A settembre quindi dicevo quando i ragazzi dovevano tornare a scuola, dopo aver passato l’estate a pensare ai banchi con le rotelle, le primule architettoniche e le leccate di Conte, ecco si sono resi conto che non avevano un piano. Autobus pieni. Treni anche. Scuole, ma che ve le dico a fare. Quindi alcuni governatori hanno fatto da soli. Il governo centrale impreparato non sapeva che pesci pigliare. Nel frattempo in tutto questo assistevamo a viPrologi che hanno fatto della pandemia in tv la loro commedia. Il ministro Speranza, che la speranza la fa perdere solo a guardarlo, era anche sul punto di buttare fuori un libro. Ma è stato prontamente ritirato il giorno stesso quando fummo avvolti dalla seconda ondata. In un susseguirsi di apri chiudi. Chiudi. Apri. Apri. Chiudi. Chiudi. Apri. Zona arancione sì. Zona arancione no. Zona arancione non so. Rosso. Verde. Bianco. In zona rossa puoi fare questo. In zona arancione puoi fare quello.
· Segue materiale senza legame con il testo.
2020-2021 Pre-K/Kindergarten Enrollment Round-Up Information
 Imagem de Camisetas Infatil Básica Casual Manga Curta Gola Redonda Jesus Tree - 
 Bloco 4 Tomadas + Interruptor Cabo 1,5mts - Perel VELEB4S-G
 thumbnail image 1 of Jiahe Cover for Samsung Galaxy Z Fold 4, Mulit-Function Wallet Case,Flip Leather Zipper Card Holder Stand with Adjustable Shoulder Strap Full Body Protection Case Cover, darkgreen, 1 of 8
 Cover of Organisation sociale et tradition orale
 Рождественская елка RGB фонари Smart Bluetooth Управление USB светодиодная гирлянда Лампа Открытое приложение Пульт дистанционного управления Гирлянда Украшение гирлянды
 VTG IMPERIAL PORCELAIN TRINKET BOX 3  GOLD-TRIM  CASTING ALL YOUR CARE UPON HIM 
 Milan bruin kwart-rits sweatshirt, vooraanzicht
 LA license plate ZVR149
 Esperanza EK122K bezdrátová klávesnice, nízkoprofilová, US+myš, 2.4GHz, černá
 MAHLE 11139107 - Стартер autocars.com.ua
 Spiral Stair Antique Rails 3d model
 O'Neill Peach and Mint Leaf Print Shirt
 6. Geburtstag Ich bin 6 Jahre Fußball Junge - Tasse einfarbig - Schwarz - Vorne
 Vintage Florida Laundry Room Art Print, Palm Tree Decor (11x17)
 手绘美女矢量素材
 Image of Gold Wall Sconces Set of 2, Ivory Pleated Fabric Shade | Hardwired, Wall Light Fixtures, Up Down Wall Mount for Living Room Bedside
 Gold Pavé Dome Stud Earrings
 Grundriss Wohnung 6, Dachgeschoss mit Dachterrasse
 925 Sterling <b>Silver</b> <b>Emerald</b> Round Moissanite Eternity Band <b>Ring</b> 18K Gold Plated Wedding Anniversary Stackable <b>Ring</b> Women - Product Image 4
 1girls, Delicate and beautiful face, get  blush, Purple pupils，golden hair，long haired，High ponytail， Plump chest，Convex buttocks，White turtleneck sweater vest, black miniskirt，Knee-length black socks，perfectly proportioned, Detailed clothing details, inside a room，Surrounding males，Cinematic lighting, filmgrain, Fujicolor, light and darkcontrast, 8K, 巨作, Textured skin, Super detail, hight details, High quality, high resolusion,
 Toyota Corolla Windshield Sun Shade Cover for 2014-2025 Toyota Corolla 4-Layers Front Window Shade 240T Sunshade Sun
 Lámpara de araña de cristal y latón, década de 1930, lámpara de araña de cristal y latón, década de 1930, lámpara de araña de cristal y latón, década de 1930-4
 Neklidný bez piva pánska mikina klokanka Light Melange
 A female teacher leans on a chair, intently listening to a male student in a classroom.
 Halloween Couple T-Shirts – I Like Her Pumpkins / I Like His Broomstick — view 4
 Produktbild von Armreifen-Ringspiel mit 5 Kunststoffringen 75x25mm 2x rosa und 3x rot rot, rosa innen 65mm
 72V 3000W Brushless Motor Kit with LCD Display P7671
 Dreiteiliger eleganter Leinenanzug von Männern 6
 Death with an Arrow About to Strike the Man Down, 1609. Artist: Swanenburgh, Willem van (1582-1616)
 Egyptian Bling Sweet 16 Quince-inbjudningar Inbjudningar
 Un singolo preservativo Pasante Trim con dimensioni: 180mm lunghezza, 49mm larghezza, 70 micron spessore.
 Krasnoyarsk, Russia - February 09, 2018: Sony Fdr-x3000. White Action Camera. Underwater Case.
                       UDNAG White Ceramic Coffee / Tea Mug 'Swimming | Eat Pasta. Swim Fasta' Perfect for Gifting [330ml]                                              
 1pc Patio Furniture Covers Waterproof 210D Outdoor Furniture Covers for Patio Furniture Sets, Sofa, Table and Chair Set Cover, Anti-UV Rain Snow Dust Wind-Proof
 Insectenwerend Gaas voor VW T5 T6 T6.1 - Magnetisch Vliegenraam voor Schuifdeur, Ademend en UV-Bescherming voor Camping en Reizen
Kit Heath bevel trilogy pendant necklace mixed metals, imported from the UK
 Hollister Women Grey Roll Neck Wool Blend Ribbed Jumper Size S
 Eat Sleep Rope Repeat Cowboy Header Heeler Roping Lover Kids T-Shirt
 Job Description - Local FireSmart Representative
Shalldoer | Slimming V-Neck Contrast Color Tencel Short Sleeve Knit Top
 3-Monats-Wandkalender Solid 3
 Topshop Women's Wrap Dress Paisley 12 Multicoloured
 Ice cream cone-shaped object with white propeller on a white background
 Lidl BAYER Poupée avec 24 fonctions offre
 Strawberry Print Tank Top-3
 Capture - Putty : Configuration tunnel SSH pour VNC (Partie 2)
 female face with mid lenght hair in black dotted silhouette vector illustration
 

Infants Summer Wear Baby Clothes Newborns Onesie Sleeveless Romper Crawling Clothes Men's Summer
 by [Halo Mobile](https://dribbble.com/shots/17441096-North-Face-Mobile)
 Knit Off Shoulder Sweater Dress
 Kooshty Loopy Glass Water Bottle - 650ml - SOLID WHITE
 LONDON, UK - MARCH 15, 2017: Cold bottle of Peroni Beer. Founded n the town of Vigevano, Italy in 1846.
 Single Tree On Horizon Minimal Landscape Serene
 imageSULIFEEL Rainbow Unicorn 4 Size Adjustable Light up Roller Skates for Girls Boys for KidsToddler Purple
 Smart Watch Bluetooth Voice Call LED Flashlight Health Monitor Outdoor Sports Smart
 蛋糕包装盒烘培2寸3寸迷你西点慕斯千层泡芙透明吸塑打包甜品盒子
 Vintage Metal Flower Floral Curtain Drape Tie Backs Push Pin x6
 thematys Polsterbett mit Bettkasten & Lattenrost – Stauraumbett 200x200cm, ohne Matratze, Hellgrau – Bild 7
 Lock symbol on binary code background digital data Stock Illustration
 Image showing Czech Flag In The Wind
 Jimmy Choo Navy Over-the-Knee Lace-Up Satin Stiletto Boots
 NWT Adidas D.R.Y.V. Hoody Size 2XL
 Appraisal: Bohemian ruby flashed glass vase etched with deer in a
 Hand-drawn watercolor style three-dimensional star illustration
L’Italia venne divisa in zone. E ancora non si è capito in che cazzo di colore siamo. Nè quando sia finita e cominciata questa seconda ondata. La terza. La quarta. La quinta. La sesta. La settima. L’ottava. Poi le varianti. La brasiliana. La francese. L’africana. La bolognese. A novembre hanno detto stiamo a casa per salvare il Natale. Ma il Natale non l’abbiamo salvato. Anzi; per favorire l’aumento dei contagi, la settimana prima di Natale hanno elargito numerosi cash back per fare le spese, acquisti, compere, di modo che, anche quelli che per la privacy non si erano scaricati Immuni, hanno prontamente aderito all’iniziativa, dichiarando pure il numero della loro carta di credito e dove in genere vanno a fare acquisti. Irresponsabili pure voi, che siete andati in giro. L’Epifania che tutte le feste porta via ma il virus no, ha visto una riapertura di due giorni. Poi hanno chiuso ancora. Apri. Chiudi. Chiudi. Apri. Apri. Chiudi. Chiudi. Apri. Il carnevale nemmeno quello è stato salvato. E gli impianti da sci a cui era stato detto che avrebbero riaperto, il giorno prima, tipo quattro ore prima della riapertura, ecco hanno detto che non avrebbero riaperto. Stagione finita.
In tutto questo in mezzo c’abbiamo pure avuto una crisi di governo. Con Renzi che in un colpo solo ha spaccato tutti. E ha mandato a casa pure Conte. I vaccini poi, quelli che hanno detto, solo il vaccino ci salverà, la scienza che è stata così celere nel produrli, non ha tenuto conto che doveva fare i conti con la politica. Perché una volta trovati i vaccini. Non si sa perché, le vaccinazioni procedono a singhiozzo.
Intanto le imprese sono sul lastrico. I suicidi ci sono stati. La gente è ridotta un tappo a pressione. Tra poco scoppia la rivoluzione. Ci sono famiglie intere che non sanno come mangiare. Gente che non può lavorare. Gente che ha perso il lavoro. Ragazzi ridotti in camere modalità caverne, tipo larve, senza vie di fuga. Genitori disperati. Mamme che non sanno dove lasciare i figli. Padri anche. Famiglie che se troppo vicine o troppo lontane vengono sgualcite. Medici che da eroi sono passati a farabutti. Non ci sono più i canti dai balconi. E nemmeno i lenzuoli.
Ma state tutti a casa #zittiebuoni, possibilmente senza rompere i coglioni.